Quel est votre avis sur les récentes émeutes auxquelles participaient de nombreux jeunes sénégalais ?
D’abord il y a eu des erreurs politiques, le président sénégalais a cherché à réduire l’opposition. L’arrestation de l’opposant Ousmane Sonko, qui a été une manœuvre très grossière, est un moyen d’avoir un contrôle sur l’échiquier politique sénégalais. Il faut rappeler que cet opposant est originaire du sud du pays, de la Casamance, une région qui a un rapport conflictuel avec le pouvoir à Dakar. Il y a dans le pays un problème de démocratie, qui a été fortement touchée. Ça a été un des effets déclencheurs de la crise. La justice a été impliquée, le législatif aussi. Bien sûr, la crise sanitaire a fait partie de ces effets déclencheurs, certains ont perdu leur emploi, les frontières étaient fermées, les loisirs interdits.

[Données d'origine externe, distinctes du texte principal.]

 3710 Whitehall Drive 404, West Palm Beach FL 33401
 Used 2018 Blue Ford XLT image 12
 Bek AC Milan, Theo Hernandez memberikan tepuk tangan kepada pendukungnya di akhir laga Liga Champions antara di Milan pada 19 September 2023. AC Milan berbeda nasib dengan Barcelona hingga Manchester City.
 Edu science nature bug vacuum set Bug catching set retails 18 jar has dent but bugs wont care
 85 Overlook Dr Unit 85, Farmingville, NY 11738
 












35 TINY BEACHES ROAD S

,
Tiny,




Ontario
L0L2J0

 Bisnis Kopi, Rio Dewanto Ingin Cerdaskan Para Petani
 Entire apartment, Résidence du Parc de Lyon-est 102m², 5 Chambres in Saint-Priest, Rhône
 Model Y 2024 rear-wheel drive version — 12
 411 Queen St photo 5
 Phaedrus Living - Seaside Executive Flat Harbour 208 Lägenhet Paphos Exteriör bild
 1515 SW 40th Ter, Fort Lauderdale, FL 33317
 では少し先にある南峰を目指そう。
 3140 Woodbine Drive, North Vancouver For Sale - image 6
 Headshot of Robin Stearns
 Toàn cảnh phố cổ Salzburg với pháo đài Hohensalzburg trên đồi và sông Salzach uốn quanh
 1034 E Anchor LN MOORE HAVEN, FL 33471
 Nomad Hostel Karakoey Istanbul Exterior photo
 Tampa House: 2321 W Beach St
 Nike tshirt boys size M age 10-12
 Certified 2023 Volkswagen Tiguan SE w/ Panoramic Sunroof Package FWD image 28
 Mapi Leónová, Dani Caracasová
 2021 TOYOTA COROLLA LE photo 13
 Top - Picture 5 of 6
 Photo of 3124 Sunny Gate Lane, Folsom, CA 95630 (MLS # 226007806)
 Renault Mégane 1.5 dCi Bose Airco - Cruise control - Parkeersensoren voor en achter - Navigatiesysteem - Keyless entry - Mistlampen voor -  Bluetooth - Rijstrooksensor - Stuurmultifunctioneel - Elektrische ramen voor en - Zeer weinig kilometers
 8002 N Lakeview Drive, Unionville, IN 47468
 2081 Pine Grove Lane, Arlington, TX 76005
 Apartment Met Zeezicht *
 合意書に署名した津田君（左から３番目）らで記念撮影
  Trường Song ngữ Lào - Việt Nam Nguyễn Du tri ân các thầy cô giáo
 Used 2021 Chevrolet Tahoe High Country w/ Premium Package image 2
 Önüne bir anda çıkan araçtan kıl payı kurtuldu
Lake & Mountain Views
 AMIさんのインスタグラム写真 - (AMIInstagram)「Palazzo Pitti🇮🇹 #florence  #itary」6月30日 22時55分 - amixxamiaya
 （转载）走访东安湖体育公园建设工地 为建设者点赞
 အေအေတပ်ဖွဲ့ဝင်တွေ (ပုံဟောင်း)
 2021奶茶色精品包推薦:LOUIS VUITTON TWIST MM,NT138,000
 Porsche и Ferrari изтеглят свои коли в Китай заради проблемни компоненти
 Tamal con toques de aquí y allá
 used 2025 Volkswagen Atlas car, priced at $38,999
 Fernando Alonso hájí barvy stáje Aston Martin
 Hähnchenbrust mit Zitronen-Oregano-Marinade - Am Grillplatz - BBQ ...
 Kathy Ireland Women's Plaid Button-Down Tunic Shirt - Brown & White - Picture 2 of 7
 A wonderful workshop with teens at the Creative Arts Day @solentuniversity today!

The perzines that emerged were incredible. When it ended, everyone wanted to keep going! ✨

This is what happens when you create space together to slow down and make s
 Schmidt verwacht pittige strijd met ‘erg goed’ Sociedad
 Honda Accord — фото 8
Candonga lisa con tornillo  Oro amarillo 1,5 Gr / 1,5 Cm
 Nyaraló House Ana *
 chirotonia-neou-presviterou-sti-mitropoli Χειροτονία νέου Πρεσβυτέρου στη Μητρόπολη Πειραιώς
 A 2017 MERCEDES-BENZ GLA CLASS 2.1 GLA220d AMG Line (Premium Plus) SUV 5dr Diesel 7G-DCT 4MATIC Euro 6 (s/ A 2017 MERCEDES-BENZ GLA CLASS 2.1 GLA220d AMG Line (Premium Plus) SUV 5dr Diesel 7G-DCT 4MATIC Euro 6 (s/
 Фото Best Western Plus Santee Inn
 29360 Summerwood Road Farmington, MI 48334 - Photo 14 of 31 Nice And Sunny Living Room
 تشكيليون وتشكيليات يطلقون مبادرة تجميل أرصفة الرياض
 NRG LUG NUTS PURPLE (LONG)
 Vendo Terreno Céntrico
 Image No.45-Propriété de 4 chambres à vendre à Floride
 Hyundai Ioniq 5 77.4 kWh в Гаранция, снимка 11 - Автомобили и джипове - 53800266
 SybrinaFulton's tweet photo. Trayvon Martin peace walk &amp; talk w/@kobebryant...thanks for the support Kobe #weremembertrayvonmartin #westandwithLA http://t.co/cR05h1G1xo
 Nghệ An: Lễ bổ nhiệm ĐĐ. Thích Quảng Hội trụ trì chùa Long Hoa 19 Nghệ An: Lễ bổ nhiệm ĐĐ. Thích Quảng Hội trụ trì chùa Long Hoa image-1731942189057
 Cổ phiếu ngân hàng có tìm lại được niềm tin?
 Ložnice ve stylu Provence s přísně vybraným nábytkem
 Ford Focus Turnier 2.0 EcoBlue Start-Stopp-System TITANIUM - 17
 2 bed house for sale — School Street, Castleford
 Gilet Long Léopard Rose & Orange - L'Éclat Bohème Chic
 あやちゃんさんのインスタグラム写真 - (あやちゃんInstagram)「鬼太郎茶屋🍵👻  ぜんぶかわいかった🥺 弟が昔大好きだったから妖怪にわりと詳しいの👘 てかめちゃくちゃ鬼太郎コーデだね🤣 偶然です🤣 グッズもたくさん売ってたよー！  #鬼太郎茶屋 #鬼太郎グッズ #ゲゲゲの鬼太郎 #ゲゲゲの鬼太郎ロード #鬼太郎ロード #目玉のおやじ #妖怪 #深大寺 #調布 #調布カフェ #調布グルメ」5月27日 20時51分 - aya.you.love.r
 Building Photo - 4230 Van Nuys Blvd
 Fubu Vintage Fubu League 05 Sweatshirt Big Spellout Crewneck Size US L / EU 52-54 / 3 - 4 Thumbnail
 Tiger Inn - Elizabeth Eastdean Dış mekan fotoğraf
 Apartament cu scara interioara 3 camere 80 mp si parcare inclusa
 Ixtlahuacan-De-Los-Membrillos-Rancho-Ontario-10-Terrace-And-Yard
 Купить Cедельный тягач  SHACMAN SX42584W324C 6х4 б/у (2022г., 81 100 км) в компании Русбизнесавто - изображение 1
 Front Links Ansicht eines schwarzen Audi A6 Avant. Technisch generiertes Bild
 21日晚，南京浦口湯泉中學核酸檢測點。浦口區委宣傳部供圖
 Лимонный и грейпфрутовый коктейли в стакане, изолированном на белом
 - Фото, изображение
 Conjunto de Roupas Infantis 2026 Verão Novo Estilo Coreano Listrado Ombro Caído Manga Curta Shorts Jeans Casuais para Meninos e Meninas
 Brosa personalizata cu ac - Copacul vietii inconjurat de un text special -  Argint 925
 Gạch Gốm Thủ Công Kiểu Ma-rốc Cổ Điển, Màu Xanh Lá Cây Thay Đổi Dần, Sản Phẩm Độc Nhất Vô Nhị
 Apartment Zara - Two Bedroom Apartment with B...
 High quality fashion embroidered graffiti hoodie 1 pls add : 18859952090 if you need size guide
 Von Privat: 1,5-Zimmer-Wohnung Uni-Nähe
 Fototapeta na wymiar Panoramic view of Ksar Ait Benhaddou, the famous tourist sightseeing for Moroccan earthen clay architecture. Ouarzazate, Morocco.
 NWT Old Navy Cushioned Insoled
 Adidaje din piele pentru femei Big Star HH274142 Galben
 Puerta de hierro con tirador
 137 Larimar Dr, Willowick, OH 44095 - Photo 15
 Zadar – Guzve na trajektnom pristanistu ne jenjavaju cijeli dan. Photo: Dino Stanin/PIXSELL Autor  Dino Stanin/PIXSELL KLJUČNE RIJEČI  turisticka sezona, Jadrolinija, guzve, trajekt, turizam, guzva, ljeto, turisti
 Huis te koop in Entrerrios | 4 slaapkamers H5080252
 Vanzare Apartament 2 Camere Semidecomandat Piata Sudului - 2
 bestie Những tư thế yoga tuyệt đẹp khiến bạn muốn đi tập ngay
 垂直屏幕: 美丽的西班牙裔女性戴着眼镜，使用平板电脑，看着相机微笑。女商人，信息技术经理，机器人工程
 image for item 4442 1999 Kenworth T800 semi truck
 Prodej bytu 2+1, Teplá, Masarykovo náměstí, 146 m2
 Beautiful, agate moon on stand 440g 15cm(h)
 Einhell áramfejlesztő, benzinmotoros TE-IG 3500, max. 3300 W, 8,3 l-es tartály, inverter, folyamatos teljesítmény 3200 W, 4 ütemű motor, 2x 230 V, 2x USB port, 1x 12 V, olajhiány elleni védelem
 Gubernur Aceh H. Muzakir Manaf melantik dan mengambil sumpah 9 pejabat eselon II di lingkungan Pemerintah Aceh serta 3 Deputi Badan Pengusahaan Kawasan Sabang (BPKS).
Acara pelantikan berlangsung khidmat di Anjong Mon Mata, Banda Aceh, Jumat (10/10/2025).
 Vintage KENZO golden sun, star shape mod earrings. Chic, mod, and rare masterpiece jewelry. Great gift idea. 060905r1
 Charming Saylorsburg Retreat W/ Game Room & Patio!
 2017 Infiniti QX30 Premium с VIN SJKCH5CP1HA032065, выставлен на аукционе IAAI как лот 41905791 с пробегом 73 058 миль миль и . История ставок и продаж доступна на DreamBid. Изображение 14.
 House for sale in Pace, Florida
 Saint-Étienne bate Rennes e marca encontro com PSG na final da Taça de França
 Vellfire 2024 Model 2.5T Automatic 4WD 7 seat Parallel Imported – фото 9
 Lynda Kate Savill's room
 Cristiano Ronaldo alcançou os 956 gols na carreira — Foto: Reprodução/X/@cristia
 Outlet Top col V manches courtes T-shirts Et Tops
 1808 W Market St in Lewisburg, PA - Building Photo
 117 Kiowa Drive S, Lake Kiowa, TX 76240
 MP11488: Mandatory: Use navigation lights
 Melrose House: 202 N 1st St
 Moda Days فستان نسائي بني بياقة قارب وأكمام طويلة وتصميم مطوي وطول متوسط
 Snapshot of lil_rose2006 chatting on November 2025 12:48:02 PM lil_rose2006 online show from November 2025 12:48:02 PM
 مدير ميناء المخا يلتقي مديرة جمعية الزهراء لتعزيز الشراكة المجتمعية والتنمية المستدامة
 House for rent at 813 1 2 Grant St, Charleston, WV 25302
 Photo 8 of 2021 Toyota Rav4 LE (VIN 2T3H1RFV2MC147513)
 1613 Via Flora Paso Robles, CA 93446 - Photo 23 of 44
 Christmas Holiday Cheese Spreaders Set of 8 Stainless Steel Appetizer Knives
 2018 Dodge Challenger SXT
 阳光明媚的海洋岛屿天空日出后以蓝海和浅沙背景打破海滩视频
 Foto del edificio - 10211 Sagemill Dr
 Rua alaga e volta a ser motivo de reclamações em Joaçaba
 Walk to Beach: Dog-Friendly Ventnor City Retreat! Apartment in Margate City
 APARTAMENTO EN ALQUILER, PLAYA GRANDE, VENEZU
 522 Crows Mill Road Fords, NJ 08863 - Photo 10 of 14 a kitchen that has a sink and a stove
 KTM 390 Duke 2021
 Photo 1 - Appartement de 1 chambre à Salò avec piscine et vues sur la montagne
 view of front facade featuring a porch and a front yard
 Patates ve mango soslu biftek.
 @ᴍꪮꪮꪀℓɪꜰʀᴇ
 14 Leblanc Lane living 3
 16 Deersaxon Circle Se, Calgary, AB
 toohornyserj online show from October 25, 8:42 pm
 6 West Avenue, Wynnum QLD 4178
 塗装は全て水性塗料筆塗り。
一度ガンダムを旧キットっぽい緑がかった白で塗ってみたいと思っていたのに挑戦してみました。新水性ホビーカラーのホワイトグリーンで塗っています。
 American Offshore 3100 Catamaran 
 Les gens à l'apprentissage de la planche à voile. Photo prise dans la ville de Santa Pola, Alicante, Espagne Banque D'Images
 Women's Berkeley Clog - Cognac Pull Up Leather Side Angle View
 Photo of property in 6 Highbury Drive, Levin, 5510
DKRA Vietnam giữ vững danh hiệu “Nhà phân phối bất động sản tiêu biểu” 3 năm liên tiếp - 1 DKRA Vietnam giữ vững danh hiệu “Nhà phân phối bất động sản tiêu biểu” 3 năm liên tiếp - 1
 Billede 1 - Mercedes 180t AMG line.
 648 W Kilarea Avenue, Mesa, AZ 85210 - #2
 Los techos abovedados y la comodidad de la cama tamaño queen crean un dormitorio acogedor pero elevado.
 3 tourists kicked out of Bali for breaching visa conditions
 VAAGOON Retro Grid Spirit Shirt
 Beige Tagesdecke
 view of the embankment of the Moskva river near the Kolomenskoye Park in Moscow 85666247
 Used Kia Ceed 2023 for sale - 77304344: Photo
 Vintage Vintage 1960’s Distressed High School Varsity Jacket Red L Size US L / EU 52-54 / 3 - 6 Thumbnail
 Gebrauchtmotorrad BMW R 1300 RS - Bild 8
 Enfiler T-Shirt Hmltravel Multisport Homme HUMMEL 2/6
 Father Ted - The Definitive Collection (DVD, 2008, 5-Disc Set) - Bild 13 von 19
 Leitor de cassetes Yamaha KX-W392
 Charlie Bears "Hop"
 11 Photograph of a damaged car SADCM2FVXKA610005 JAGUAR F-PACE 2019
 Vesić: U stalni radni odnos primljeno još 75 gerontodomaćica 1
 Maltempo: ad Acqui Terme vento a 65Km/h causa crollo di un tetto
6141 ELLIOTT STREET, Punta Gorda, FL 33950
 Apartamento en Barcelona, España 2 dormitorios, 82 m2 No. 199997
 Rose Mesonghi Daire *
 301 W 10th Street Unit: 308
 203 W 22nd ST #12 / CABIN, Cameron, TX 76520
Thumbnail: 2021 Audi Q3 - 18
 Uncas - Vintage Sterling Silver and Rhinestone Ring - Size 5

Quelle est le poids de la société civile sénégalaise dans le pays ?
Elle a joué un grand rôle dans l’arrivée de Macky Sall en se mobilisant contre un troisième mandat d’Abdoulaye Wade. Elle a une histoire, une certaine influence, mais qui s’est affaiblie avec l’actuel président. Car beaucoup de membres ont rejoint ce dernier. La société civile est présente mais divisée. Comme beaucoup de gens au Sénégal elle n’a pas du tout vu venir les émeutes qui ont touché le pays.
Comment la justice sociale peut se construire par et pour les populations en situation de vulnérabilités, à partir de leurs expériences, de leurs pratiques ?
Ce que nous faisons depuis des années construit à des changements sociaux, car nous travaillons avec les populations en situations de vulnérabilités, jeunes, femmes, artisans. L’approche dans notre accompagnement est importante, la transformation sociale doit se faire avec et pour les acteurs. Décider et faire à la place de ne marche pas. C’est important de co-construire, de développer des échanges, des relations, contre l’isolement qui rend vulnérable. Dans ce projet, ce sont les jeunes qui ont décidé des activités, nous, nous accompagnons.